<<<<
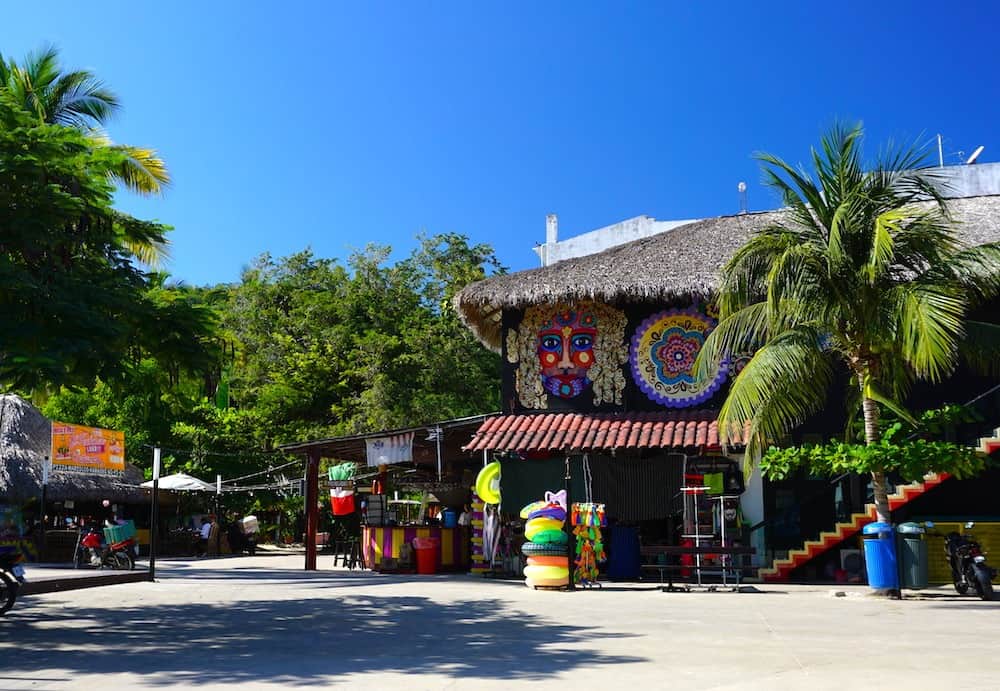 Attractions in Huatulco, Mexico
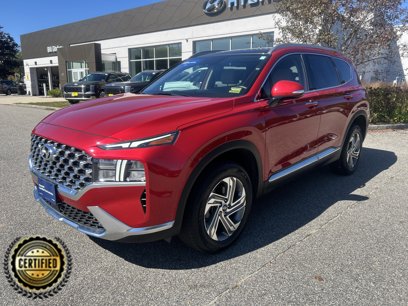Certified 2022 Hyundai Santa Fe SEL w/ Convenience + Premium Package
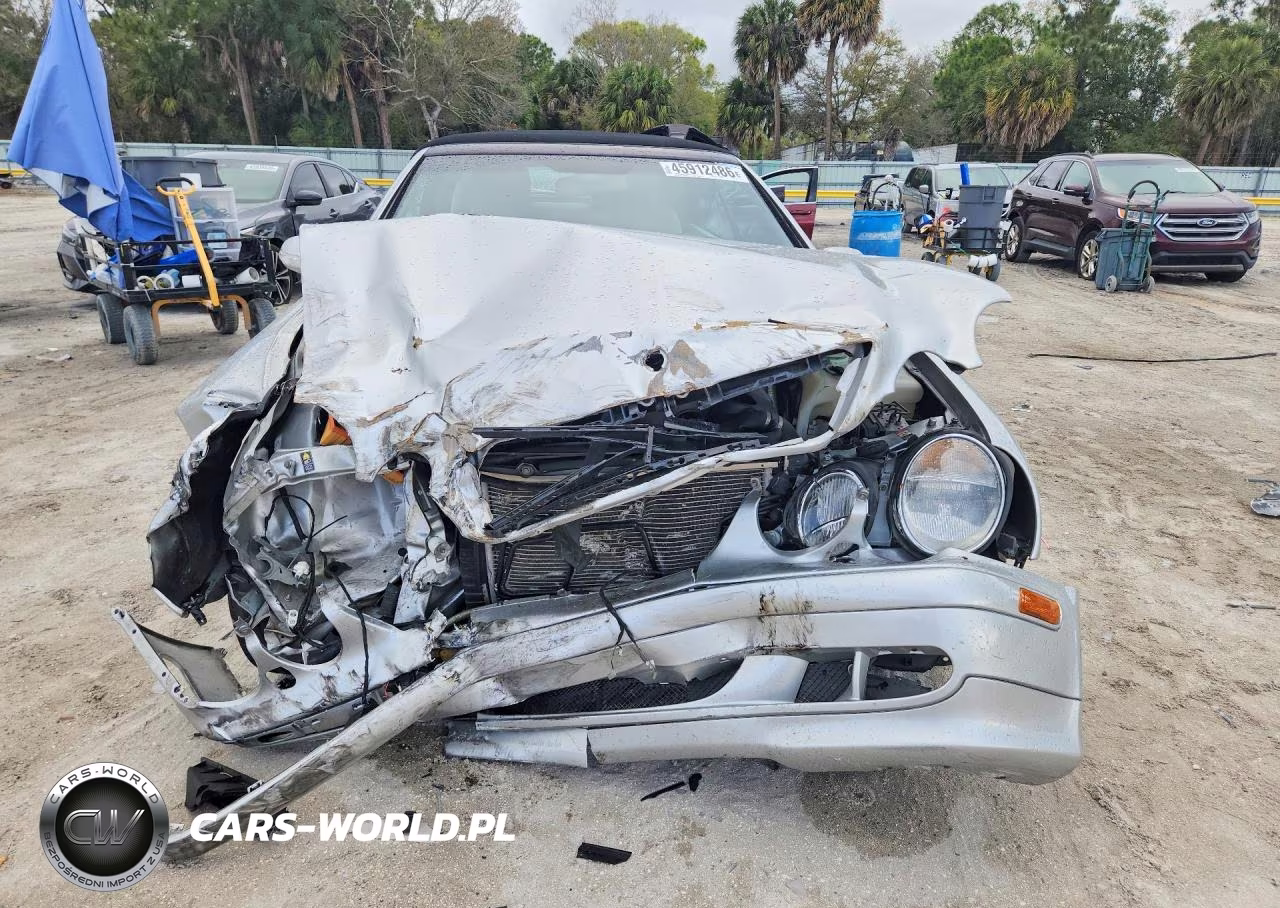 2002 Mercedes-Benz Clk 320 VIN:WDBLK65G82T114439 - 5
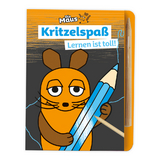 Trötsch Die Maus Mini-Kratzblock Kritzelspaß Lernen ist toll - 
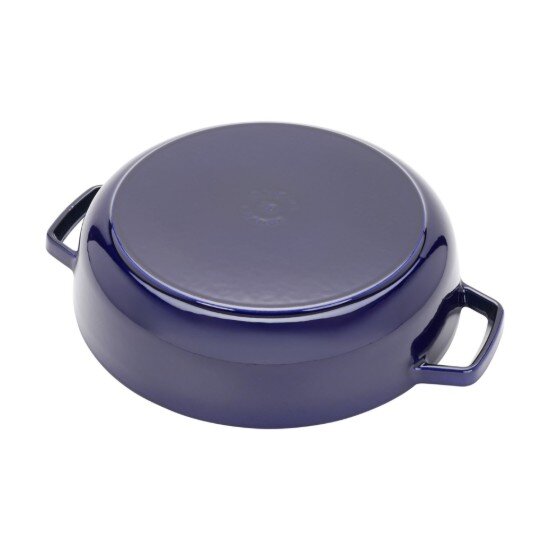 Staub Съд за готвене Chistera чугун 28 см Dark Blue -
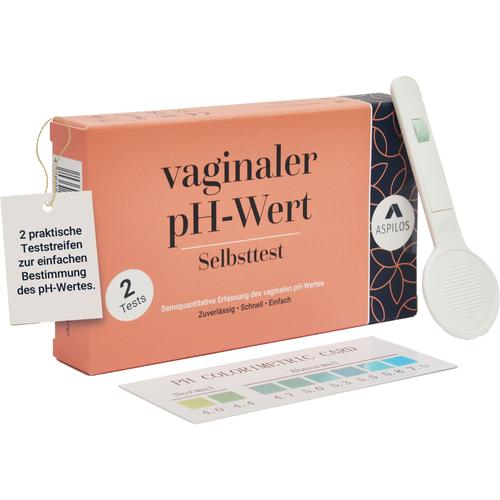 Aspilos Vaginaler Ph-Wert Selbsttest 2 St Aspilos bei onfy.de kaufen 19370797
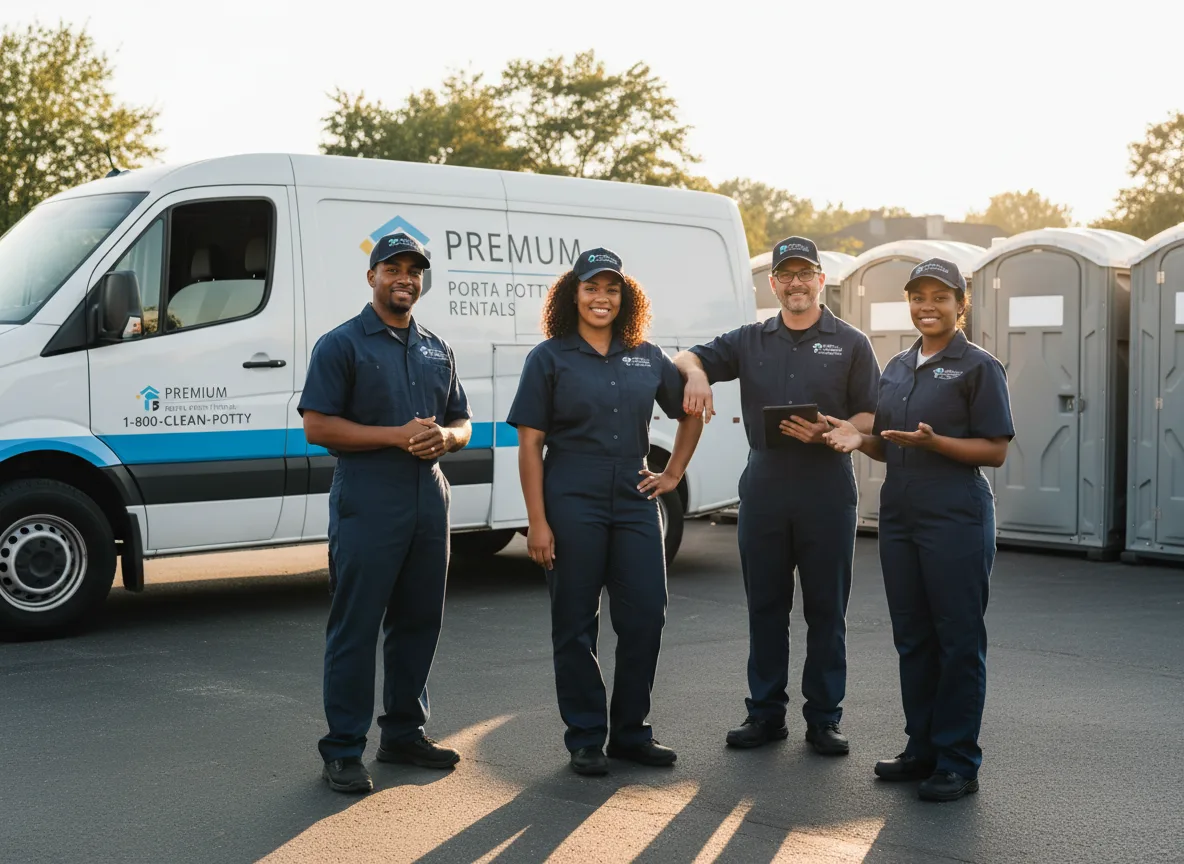 VIP Portable Toilets company in Summer Shade, KY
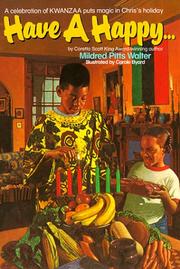 Cover of: Have a Happy by Mildred Pitts Walter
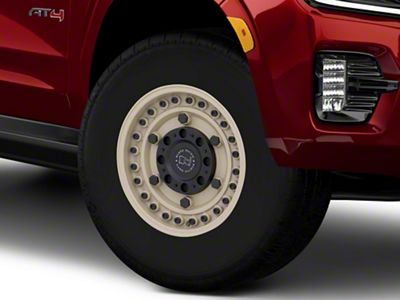 Black Rhino Armory Desert Sand 6-Lug Wheel; 17x9.5; -18mm Offset (21-26 Yukon)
>>>>
Make an exact copy of all entries above, dropping the images.

WRITTEN RESPONSE.
 Attractions in Huatulco, Mexico
Certified 2022 Hyundai Santa Fe SEL w/ Convenience + Premium Package
 2002 Mercedes-Benz Clk 320 VIN:WDBLK65G82T114439 - 5
 Trötsch Die Maus Mini-Kratzblock Kritzelspaß Lernen ist toll - 
 Staub Съд за готвене Chistera чугун 28 см Dark Blue -
 Aspilos Vaginaler Ph-Wert Selbsttest 2 St Aspilos bei onfy.de kaufen 19370797
 VIP Portable Toilets company in Summer Shade, KY
 Cover of: Have a Happy by Mildred Pitts Walter
 Black Rhino Armory Desert Sand 6-Lug Wheel; 17x9.5; -18mm Offset (21-26 Yukon)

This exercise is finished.